Rebecca Stevers was forced to flee Dry Creek Road in October as her husband and their neighbors battled to keep the Nuns Fire from jumping the ridge and annihilating their Napa Valley, California home. She took her children to a friend-of-a-friend’s rental property in San Francisco where she thought they were safe from the threat of fire. But because her 12-year-old son Dylan has asthma, she was more concerned about him inhaling the smoke, which saturated the air even 50 miles away in San Francisco.
Stevers is not alone; the number and severity of wildfires throughout the West is affecting an increasing number of children. Severe, prolonged droughts and decades of fire management policy have created a tinderbox of overgrown forests that have led to an increasing number of wildfires. As a result, doctors say, emergency room visits and hospital admissions due to respiratory symptoms are expected to increase in wildfire-prone areas.
“People are more likely to fall sick due to respiratory diseases [when exposed to wildfire smoke] and are particularly more at risk for respiratory tract infections,” Dr. Jia Coco Liu, an environmental health researcher at Johns Hopkins University said. The immediate risks of irritation—wheezing and coughing—and infection are compounded in small children because their lungs do not fully develop until school age; kids with asthma are even more vulnerable.

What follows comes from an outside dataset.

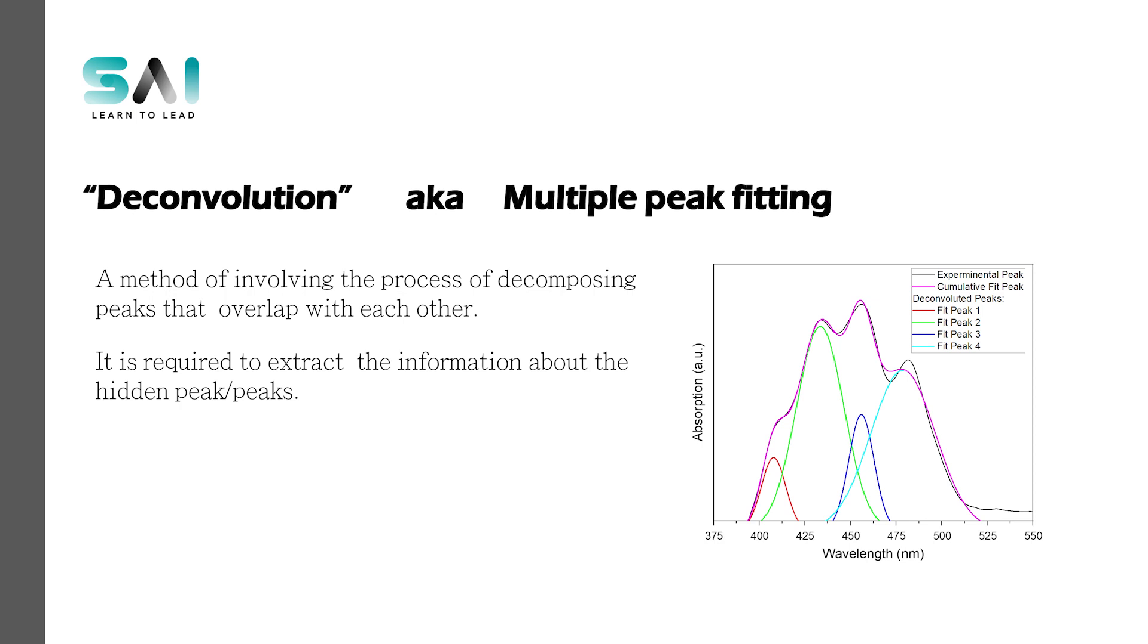First we need to understand what is the deconvolution of the peaks. It is a method which involves the process of decomposing peaks that overlap with each other and it helps to extract the information about the hidden peaks.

The effects of wildfire smoke on children’s health might even last for years, some studies show. Primates exposed to wildfire smoke during the first year of life suffer from decrements in respiratory and immune function three years later, according to a report by University of California-Davis veterinarian and researcher Dr. Lisa Miller. The first results from the research were published in the May issue of American Journal of Respiratory Cell and Molecular Biology.
“We did expect to see the lung effect, but the immune response was surprising,” Miller said. Follow-up studies with these animals could provide insight to the long term developmental effects of wildfire smoke exposure, she said.
Dylan Stevers did suffer several asthma attacks during his family’s two-week exile, and his mother wants to know what more can be done. “Should we uproot everything and move across the country?” she asks.
Congress is currently considering pushing for measures to better protect children from health risks due to changes in environmental threats.